### Recorded data
::::::::::

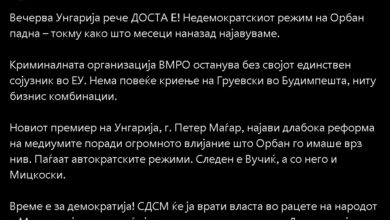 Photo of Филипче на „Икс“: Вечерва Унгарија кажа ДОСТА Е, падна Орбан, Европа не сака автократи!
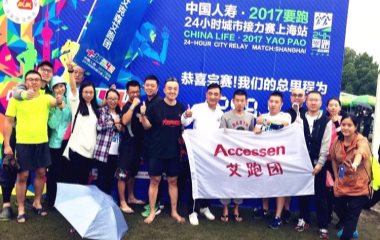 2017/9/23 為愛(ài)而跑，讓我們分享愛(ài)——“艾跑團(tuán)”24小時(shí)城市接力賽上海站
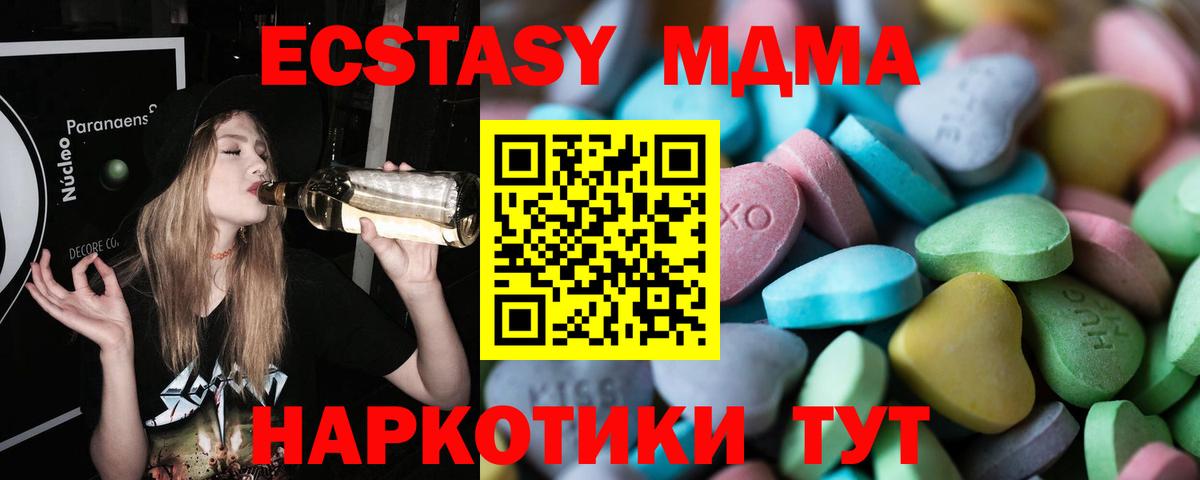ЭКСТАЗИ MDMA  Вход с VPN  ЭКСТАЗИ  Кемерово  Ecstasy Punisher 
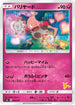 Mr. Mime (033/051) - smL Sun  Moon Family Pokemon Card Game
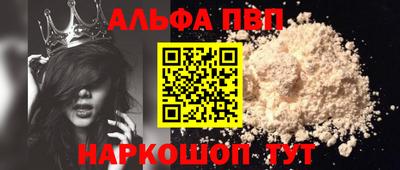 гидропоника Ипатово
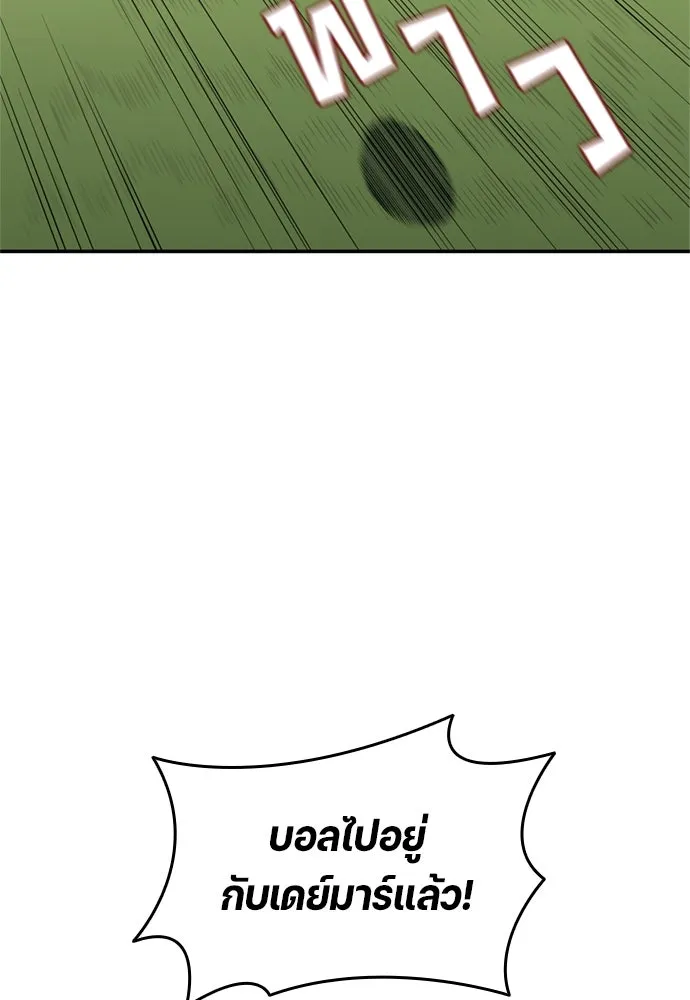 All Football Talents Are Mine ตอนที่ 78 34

::::::::::

With the pictures removed, output the listing above exactly.

### Written solution
 Photo of Филипче на „Икс“: Вечерва Унгарија кажа ДОСТА Е, падна Орбан, Европа не сака автократи!
 2017/9/23 為愛(ài)而跑，讓我們分享愛(ài)——“艾跑團(tuán)”24小時(shí)城市接力賽上海站
ЭКСТАЗИ MDMA  Вход с VPN  ЭКСТАЗИ  Кемерово  Ecstasy Punisher 
 Mr. Mime (033/051) - smL Sun  Moon Family Pokemon Card Game
 гидропоника Ипатово
 All Football Talents Are Mine ตอนที่ 78 34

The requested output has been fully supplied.